New York is a land (literally!) of extreme proportions, huge and small. Look at New York State's parkland for example, no exceptions here. Second to Alaska, New York is home to the largest park in the United States, the six million-acre grandmother of all early (1892) open space, New York's awe-inspiring Adirondack Park. It's mind-boggling to imagine that five of the largest National Parks in the United States could slip comfortably within the Adirondack Park boundaries, pull up the covers, and go off to sleep.
Imagine a vast area the size of Yellowstone, Everglades, Yosemite, Great Smokey Mountains and Grand Canyon combined residing as parkland in upstate New York. No need to imagine, it's there. 3,000 lakes, 30,000 miles of rivers and streams, a magnificent mountain range... sounds like an "I Love New York" commercial? You bet it is.
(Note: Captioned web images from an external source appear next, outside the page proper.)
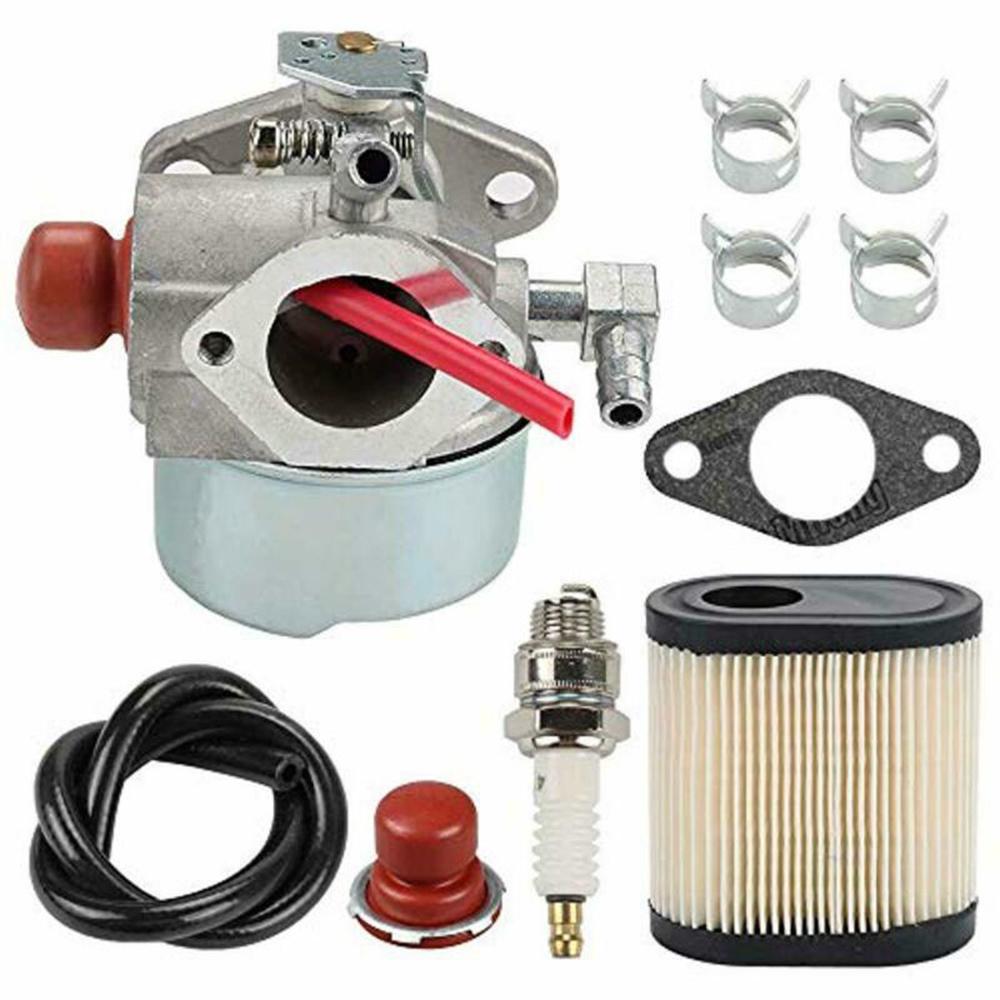 Buy Carburetor For TECUMSEH 4.5HP 5HP 5.5HP 6HP 6.5HP 6.75HP Engine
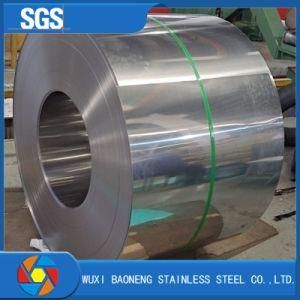 Cold Rolled Stainless Steel Coil of 304/304L Ba/2b Finish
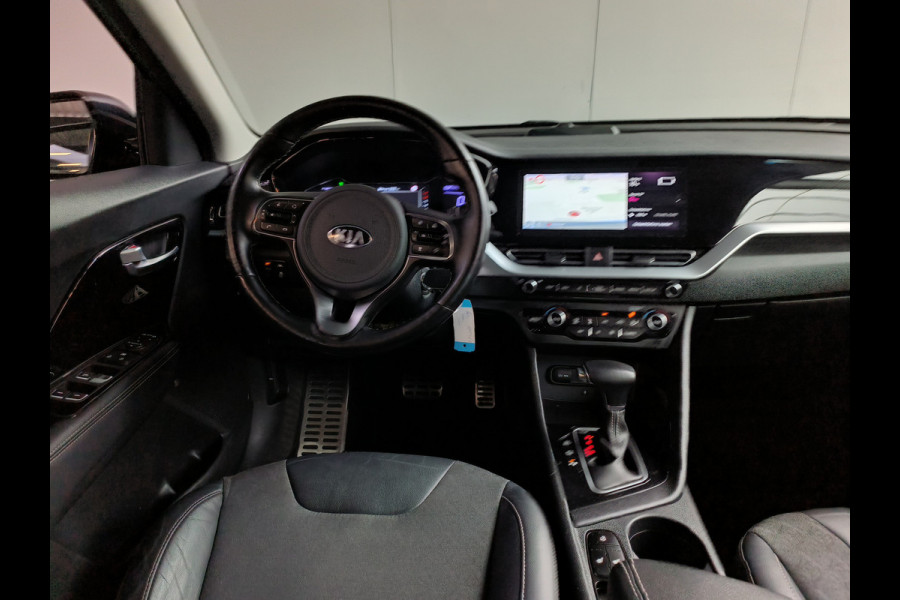 Kia Niro 1.6 GDi PHEV DynamicPlusLine Rijklaar + 12 maanden Bovag-garantie Henk Jongen Auto's in Helmond,  al 50 jaar service zoals 't hoort!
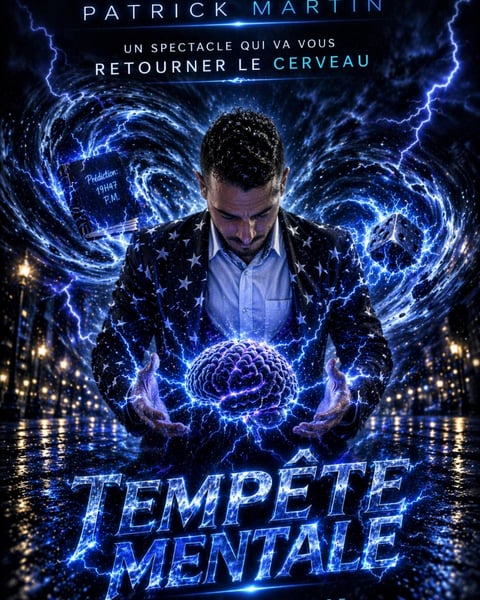 Tempête Mentale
The interesting thing is that 90 million Americans are within a day's drive of the Adirondacks but fewer than 100,000 New Yorkers actually live there.
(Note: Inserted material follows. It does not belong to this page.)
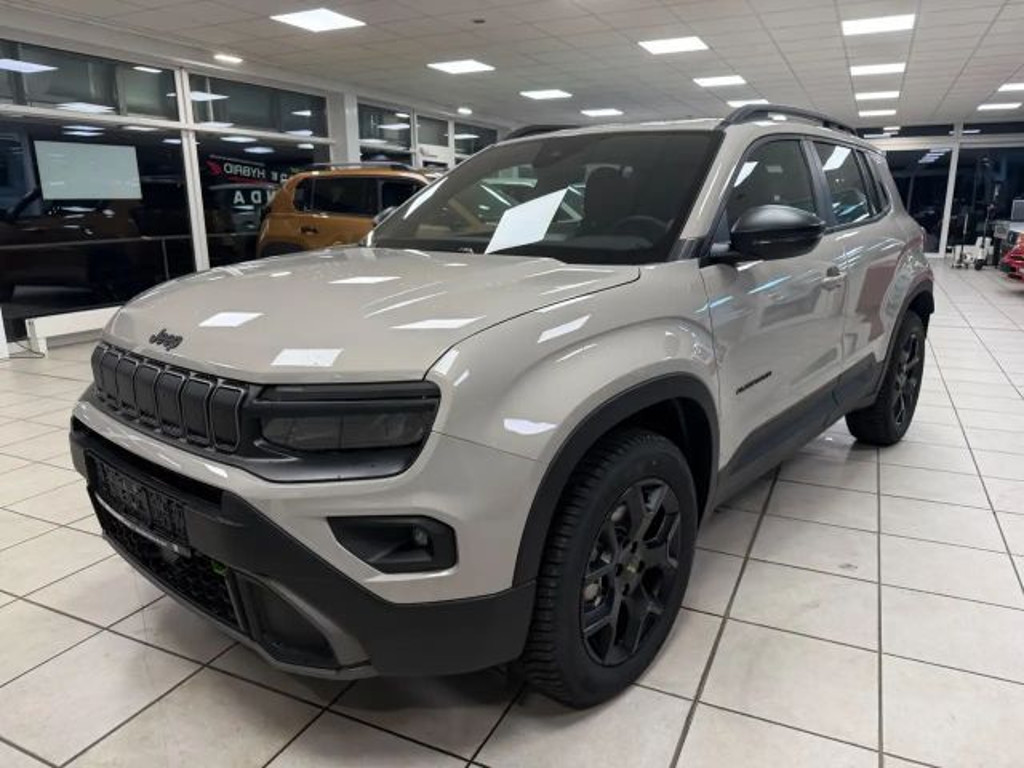 Jeep Avenger 2025 Benzine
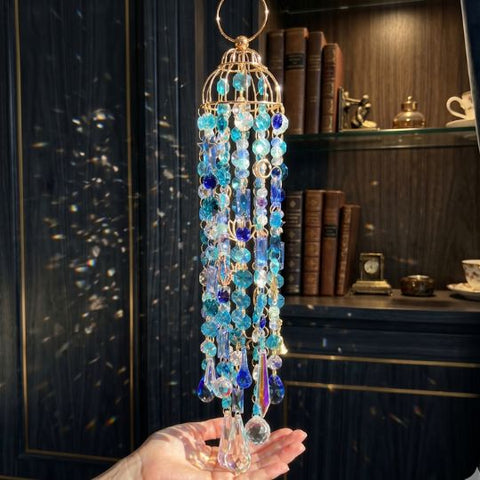 Crystal Hanging Chime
And now for the microscopic: back to where the math gets crazy again for New York proportion, particularly ratio, but the other way 'round...you know, ratio of teachers to students, land per-head of cattle, one kind fruit vs. another, that kind of thing.
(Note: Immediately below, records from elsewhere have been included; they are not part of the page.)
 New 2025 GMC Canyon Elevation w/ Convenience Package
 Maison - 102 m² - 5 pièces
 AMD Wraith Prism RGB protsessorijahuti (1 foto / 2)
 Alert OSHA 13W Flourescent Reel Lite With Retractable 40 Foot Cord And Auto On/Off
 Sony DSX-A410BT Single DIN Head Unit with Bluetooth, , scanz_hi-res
Look at the remarkable case of Riverbank State Park, built smack on the Hudson River at 145th Street.
Constructed in 1988 atop an immense water treatment facility, Riverbank owes its existence to the design-gives-birth-to -necessity school of engineering of which Benjamin Franklin would be proud. Certainly, Franklin would have been first at the table with blueprints.
In 1988 a man-made park like Riverbank was unusual in America, really before its time; while Japan-- our greatest rival in space obsession and engineering problem solving -- had several. Today we have finally entered the era of green roofs, urban farming, and a park on the High Line! - where man-made and nature, though first dating, are beginning to walk hand-in-hand.
Be warned about Riverbank: picnic at your own risk. The Park's view is so staggering you're apt to drop your tuna fish sandwich in your cold Frappuccino as the George Washington Bridge straddles the river and the famed Hudson River Palisades hang majestically above the glistening water.
But Riverbank, this excellent math lesson of a park, this engineering marvel, is a gracious and an expert host -- absorbing its vast yearly visitors comfortably at two swimming pools, football, soccer, baseball fields, tennis courts, basketball courts, amphitheatre, gymnasiums, skating rink, a cultural center, and community garden.
2,000,000 on 28 acres?... It's New York's version of new math; math class outside. Go figure? Go visit. It's a problem you'll enjoy solving.
Riverbank is run by New York State Parks.